Can one have a nontrivial 'resolution of singularities' of a smooth variety? Suppose $z_1,z_2$ are coordinates on $\mathbb{A}^2$ and $(w_1,w_2)$ homogeneous coordinates on $\mathbb{P}^1$. We can define a subvariety $X \subset \mathbb{A}^2 \times \mathbb{P}^1$ by $w_1z_2 - w_2z_1 = 0$. Then this is smooth (right?) and the projection $\pi:X \rightarrow \mathbb{A}^2$ is an isomorphism away from $(0,0)$, but $\pi^{-1}(0,0)$ is isomorphic to $\mathbb{P}^1$.
So my question is: Is this a valid resolution of singularities, or am I misunderstanding the definition of a resolution of singularities.
For reference: I thought that if $f:X' \rightarrow X$ is a proper map, $X'$ is smooth, and there is a dense open set $U$ of $X'$ such that $f\mid_U$ is an isomorphism, then $f$ is a resolution of singularities.
 A: The answer depends on the definition of resolution of singularities you use. To make that less of a banality, let me mention two possible definitions:


*

*A resolution of singularities for $X$ is a surjective proper birational morphism $\pi: X' \rightarrow X$ from a nonsingular variety $X'$.

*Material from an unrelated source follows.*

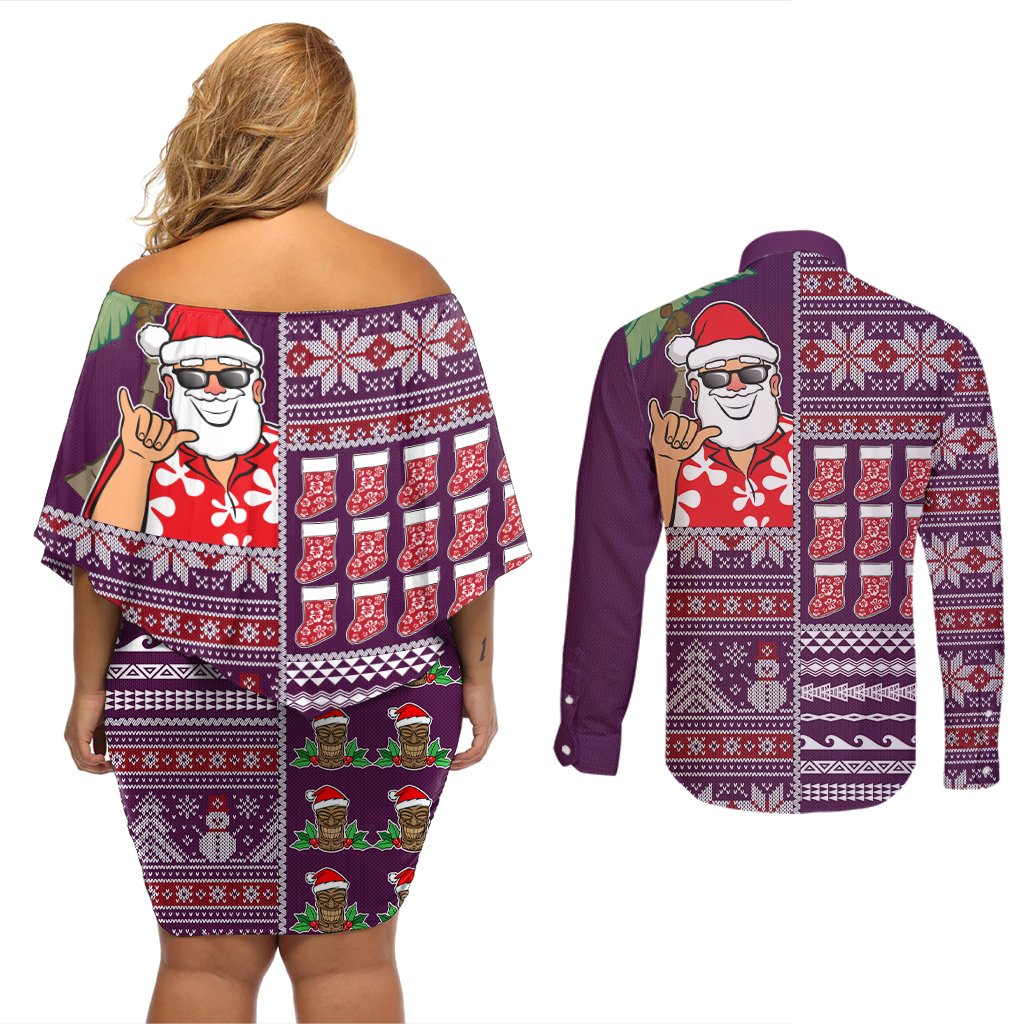 Hawaii Mele Kalikimaka Couples Matching Off Shoulder Short Dress and Long Sleeve Button Shirt Aloha and Christmas Elements Patchwork Pink Style LT03 - Polynesian Pride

*A resolution of singularities for $X'$ is a morphism $\pi$ as above such that the rational map $\pi^{-1}: X \dashrightarrow X'$ is an isomorphism on the smooth locus $X \setminus \operatorname{Sing} X$. 


Your example satisfies 1, but not 2. 
Definition 2 is asking that we change $X$ as little as possible while "making it smooth". This is the more usual definition of resolution of singularities, and this is the kind that Hironaka proved the existence of. (In fact he proved a lot more: see the Wikipedia article for a good summary.)
This more restrictive notion prevents you from doing naughty things like in your example, but as @Hoot mentioned uniqueness is still an issue: if you prove something about $X$ using a resolution, you'd better check it doesn't depend on the resolution you chose. In fact, for surfaces this is not really a problem: it turns out that surfaces have a minimal resolution, which is unique, and we can work with that. In higher dimensions things are more complicated: starting in dimension 3, even minimal resolutions (whatever that now means) need not be unique, because of birational maps called flops.